Slow Pan 5pm to 9pm

Karen Henderson

(2010-2011)

Presented by the Blackwood Gallery

September 11, 2010 – May 1, 2011

Curated by Christof Migone

There is a delicate form of the empirical which identifies itself so intimately with its object that it thereby becomes theory.
                              —Goethe

Karen Henderson photographs time.

Henderson utilizes finely focused strategies to capture time’s passing. Her enterprise, as Goethe alludes above, is subtly yet resolutely empirical. Time, image, and location conflate here in a work rendered fully viewable only once the four hours it condenses have been factored in. The image functions as a scanner of time, from left to right, from 5pm to 9pm, from day to night. The instantaneous moment usually associated with a photographic image is stretched until it is able to effuse a duration considerably longer than an instant. Slow and enduring is the operating paradigm for this photographic method.

The complexity of the seemingly straightforward image lies in its layered shifts. The aforementioned temporal layer is adjoined by at least three additional plays.

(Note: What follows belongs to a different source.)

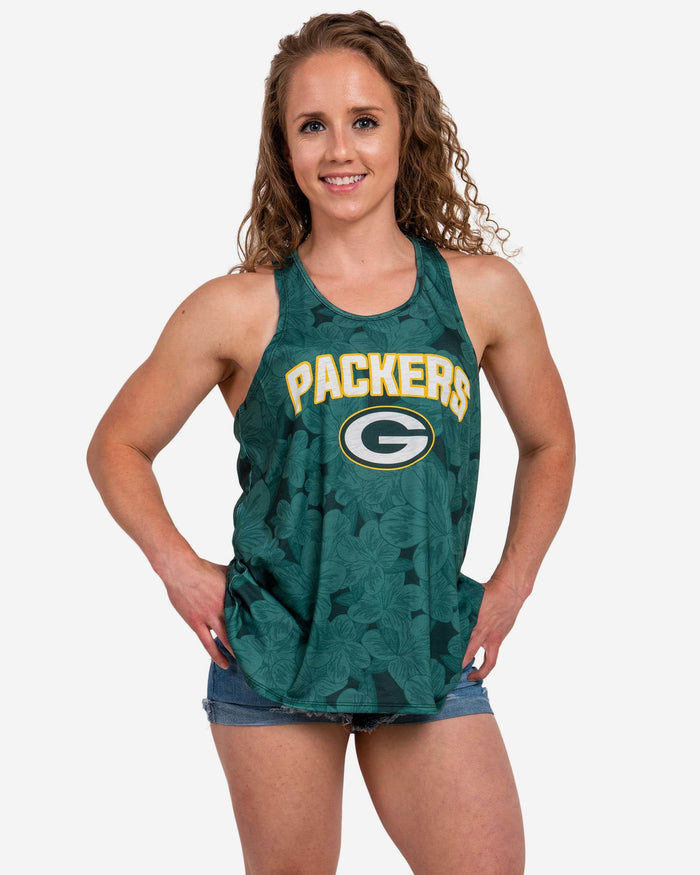 Green Bay Packers Womens Hibiscus Twist Back Sleeveless Top FOCO S - FOCO.com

First, the self-referential image reduces the scale of what it represents in order to fit into itself. In other words, the framing enables the concrete wall surrounding the billboard to be absorbed into the image.

Second, there’s a doubling where the fluorescents which produce the artificial light in this image now light the image of themselves. In fact, their unrelenting constancy (in contrast to the fading natural light which produces the pan referenced in the work’s title) produces a brightness that obliterates the image. The fluorescents therefore shine through a pure white series of pixeless horizontal strips of plexiglass; in short they constitute stripes of non-image within the image.

Third, the 4-hour light shift arrested in the image coexists within a 24-hour cycle exterior context of shifting shadows and mirrored angles.

During the day, the billboard clearly announces its self-referential specificity.

At night the piece glows like a beacon, still in slow mode but commanding an undeniable presence.

These three distorting effects operate akin to a mise en abyme—an infinite interplay of reflections which incite the passersby to become passersthrough. Through the surface lie the tubes and the wiring, and also an alternative absorption technique: one where slow inference and consideration is favored over rapid bite-sized tweets. Subtle seepage insinuating itself amidst the hurried ambulations provides the viewer with an excuse to stay stuck in place and let the days and nights pan across one’s timeline.

Slow Pan 5pm to 9pm is the Blackwood Gallery’s 2010 commission for the Bernie Miller Billboard/Lightbox. It is intended in part to be in dialogue with the work featured in the Gallery’s Fall 2010 exhibition, Traffic: Conceptual Art in Canada 1965 – 1980.

Every Fall the Blackwood Gallery commissions an artist to produce a work for the Bernie Miller Lightbox, a billboard sized (268.0 cm x 176.5 cm, 108″ x 72″) venue installed on the outside of the William Davis Building (formerly known as South Building) where the two wings of the building meet at the end of “Five Minute Walk”. The commissioned work stays throughout the school year. In the summer, the Lightbox displays the original work by Bernie Miller, Five Minute Mirror (2001), which inaugurated the site.